Plotting the resampled runs

We can overplot the resampled runs on top of the CMIP data as follows, using the same plotting command from before:

python -m kcs.change_perc.plot pr_change_2050_jja_nlpoint.csv pr_change_2050_jja_nlpoint.png \
    --epoch 2050 --text 'precip, JJA', --ytitle 'Change (%)' --ylimits -60 45 \
    --scenario-run G_H resampled_2050_G_H_pr_jja.csv \
    --scenario-run W_H resampled_2050_W_H_pr_jja.csv \
    --scenario-run G_L resampled_2050_G_L_pr_jja.csv \
    --scenario-run W_L resampled_2050_W_L_pr_jja.csv

Note that the input file names have changed: we now have precipitation scenarios, but we have lost information of the area we used. So if different areas are to be considered, a simple solution would be to use different subdirectories.

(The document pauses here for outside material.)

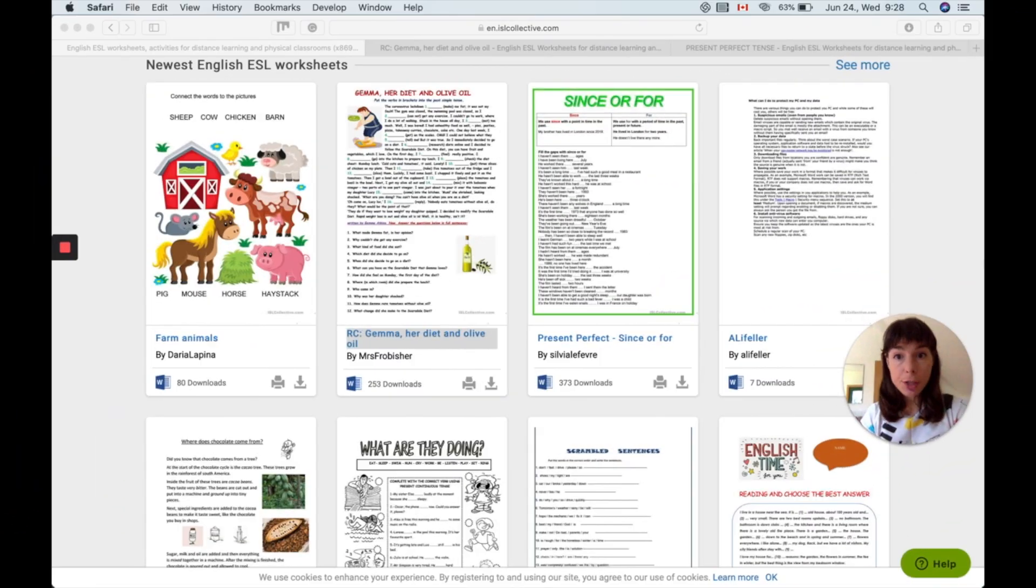Hi, I'm Jo at ISL Collective and today we're going to look at how you can fill in worksheets online and how you can send them to your students and how they can send them back to you. So let's see what you need to do.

The resulting plot (pr_change_2050_jja_nlpoint.png) will show all the individual resampled runs. That can be used as a measure to see how well the resampled runs cover the CMIP data, and how close they are to their average. If you don’t want to plot the individual runs, use the --only-scenario-mean option:

python -m kcs.change_perc.plot pr_change_2050_jja_nlpoint.csv pr_change_2050_jja_nlpoint.png \
    --epoch 2050 --text 'precip, JJA', --ytitle 'Change (%)' --ylimits -60 45 \
    --scenario-run G_H resampled_2050_G_H_pr_jja.csv \
    --scenario-run W_H resampled_2050_W_H_pr_jja.csv \
    --scenario-run G_L resampled_2050_G_L_pr_jja.csv \
    --scenario-run W_L resampled_2050_W_L_pr_jja.csv
    --only-scenario-mean

Running it all together

To run this all together, resampling all scenarios and creating all the plots, and doing this in parallel, there is another helper bash script: extras/resample-and-plot-all.bash, which does what it says. It does not use any new Python module: it just wraps around the previous commands in this section, using the --scenario option of kcs.resample to be able to run things in parallel.